Skill-eval pipeline — operational review (2026-06-26) + proposal: raise pipeline-review improvements as Discussions #951

don-petry · 2026-06-26T22:03:19Z

don-petry
Jun 26, 2026
Maintainer

Operational review of the self-improving-skills pipeline (epic #581, Discussion #572), 14-day window ending 2026-06-26. Report-only — this informs, it does not gate any merge.

TL;DR

The pipeline is operationally healthy with no open regression or scorer error. The latest triage run passed, all trackers are recovered/closed, and the #920 throttle-as-regression gap is now fixed in code. The remaining findings are coverage/hygiene gaps, not skill defects. This Discussion also proposes a small process change: raise pipeline-review improvements here as Discussions, rather than only as transient action_items in the review JSON.

Health summary (last 14 days)

16 eval runs of Skill Eval Report; all workflow-level success (the workflow is non-blocking by design).
Zero open trackers — all four eval-health issues are closed; no eval-infra issues exist.
Three triage regression trackers were raised and all recovered:

Tracker	Score	`got` pattern	Classification	Outcome
#762	0/5	all `null`	infra throttle false alarm	recovered
#814	0.4 (2/5)	non-null mismatches	real regression (since fixed)	recovered ✅
#911	0/5	all `null`, 25s run	infra throttle false alarm (the #920 live case)	recovered ✅

Only #814 was a genuine behavioral regression; #762 and #911 were throttle runs mis-scored as regressions (all-null got on implausibly short runs — #911's run was 25s vs ~60–90s healthy).

Positive: the #920 throttle-misclassification gap is fixed in code — run-eval.sh now captures the engine exit code and exits 2 → outcome=error on all-infra runs, and notify-eval-health.sh routes that to a separate eval-infra tracker instead of a false eval-health regression.

Improvements identified

#	Priority	Improvement	Why
1	medium	Score `deep-review` on the schedule (or document it as dispatch-only)	It has a 5-case holdout + a prompt, but `skill-eval-report.yml` hardcodes `SKILL=triage` on cron, so its holdout is never scored on a schedule.
2	low	Resolve `lsp-pilot`'s definition gap	6-case holdout exists, but there's no `prompts/lsp-pilot.md` and no scheduled run — wire it + add a prompt, or mark it experimental.
3	low	Confirm `example-skill` exclusion	It's the `evals/README` fixture (no prompt, no refs) — confirm it's intentionally not scored so it isn't mistaken for an unmonitored skill.

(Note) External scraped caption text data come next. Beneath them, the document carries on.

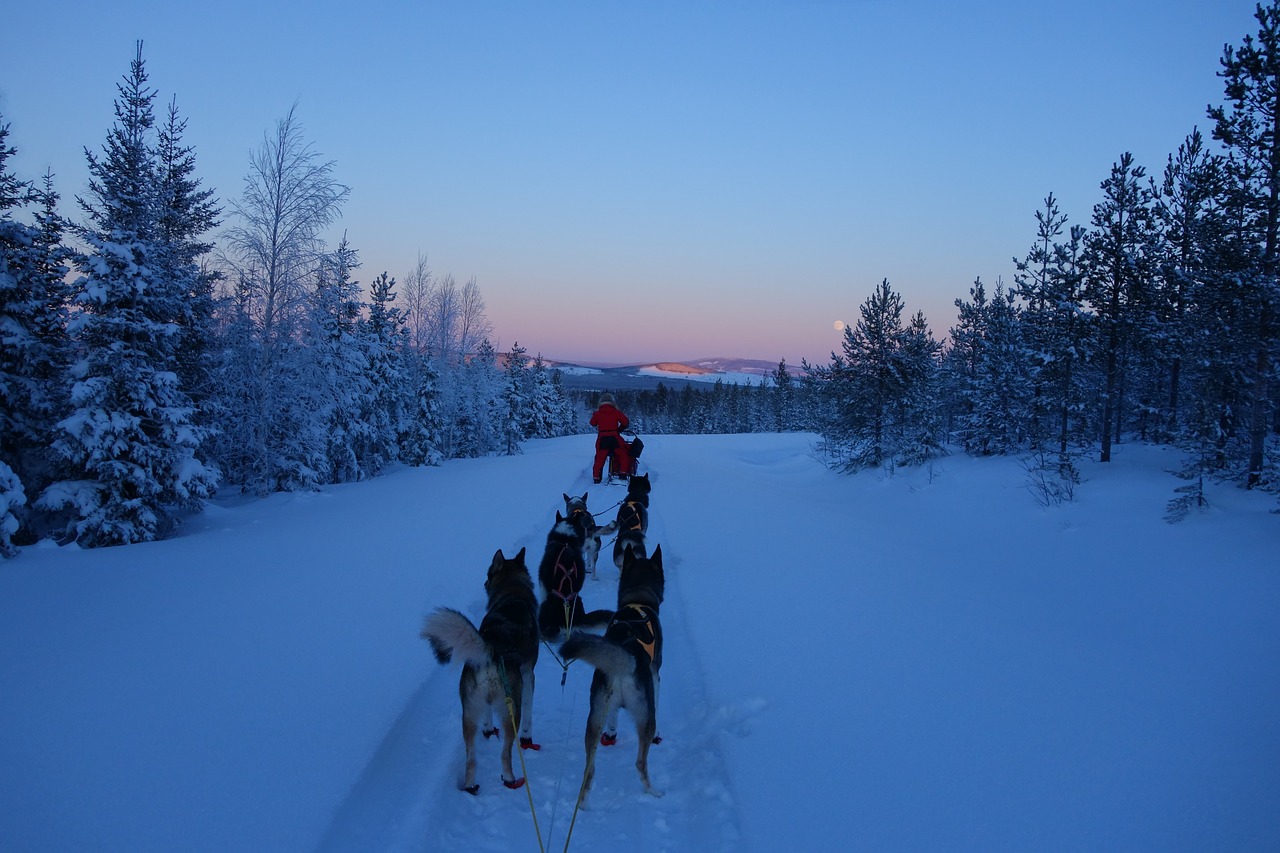 lapland  snow  nature free photo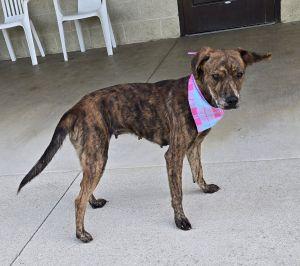 Enlarge Beauty, a ADOPTABLE Mountain Cur in Bucyrus, OH image 3/5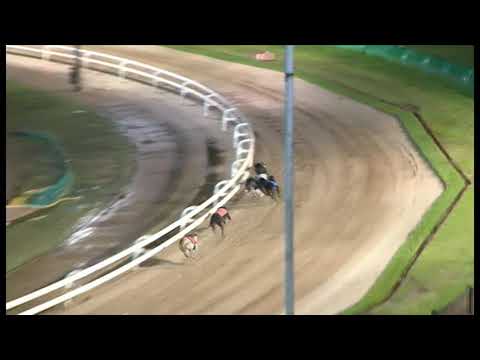 Aayamza Breeze/Goldies Hotspur - Ladbrokes 835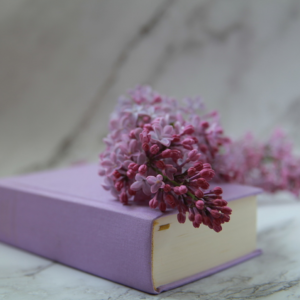 IlluminatedLens Photography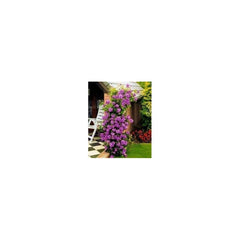 Purple Climbing Rose Seedlings Flower Seeds Perennial Growing Bonsai Corms Tubers Potted Planting Reblooming Fragrant Garden Roots Rhizomes Species Blooms Plant Bulbs Gardening Tree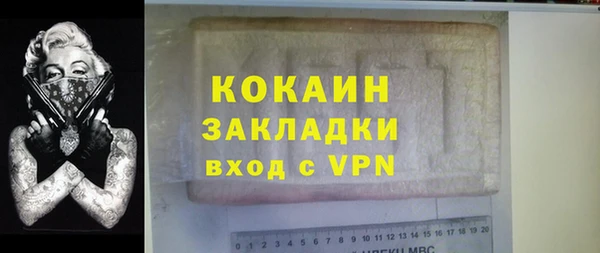 индика Костерёво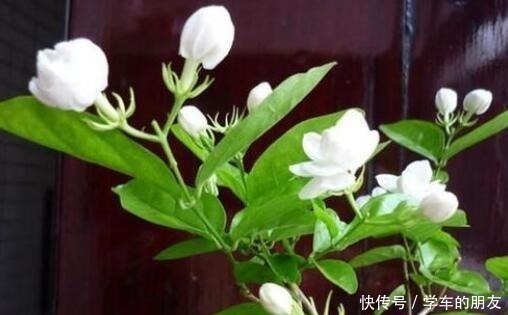 养茉莉花,盆里埋1个“家家有的它”,花朵层层叠叠,清香又淡雅!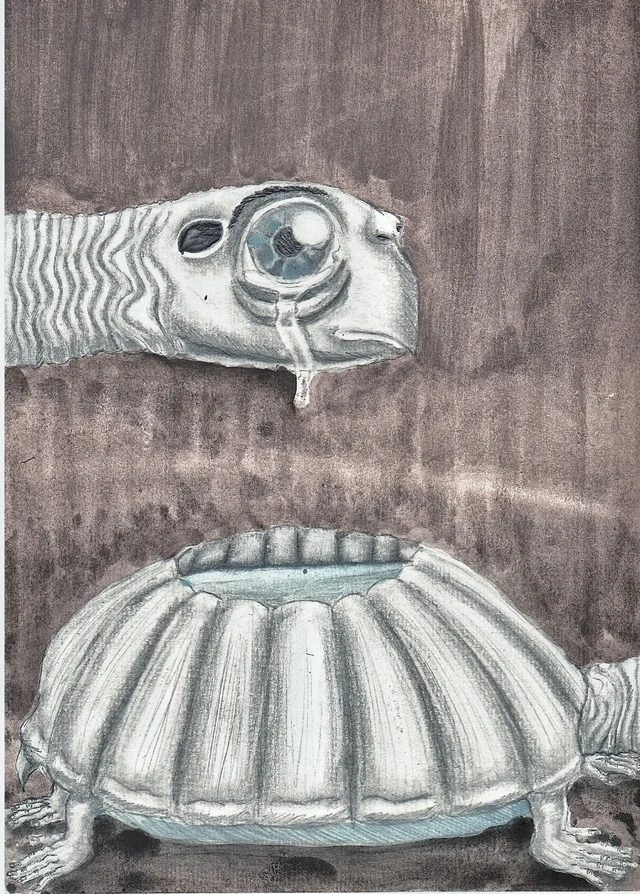 Repetition - My, Painting, Drawing, Beginner artist, Art, Artist, Turtle, Animals, Sadness, Cycle, Pets, Pencil drawing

Minor notes (no action): #762 was closed without a recovery comment (manual closure); the strict-improvement gate (gate.sh/review-skill.sh) is present in scripts/evals/ but not yet wired to any workflow.

Proposal: raise pipeline-review improvements as Discussions

Today, improvements surface in two ways: routine eval regressions auto-raise eval-health/eval-infra tracker issues, and the operational review emits action_items in its JSON (each tagged suggested_issue_labels: ["dev-lead"]) for a human to file. The review JSON is transient and not easily browsable over time.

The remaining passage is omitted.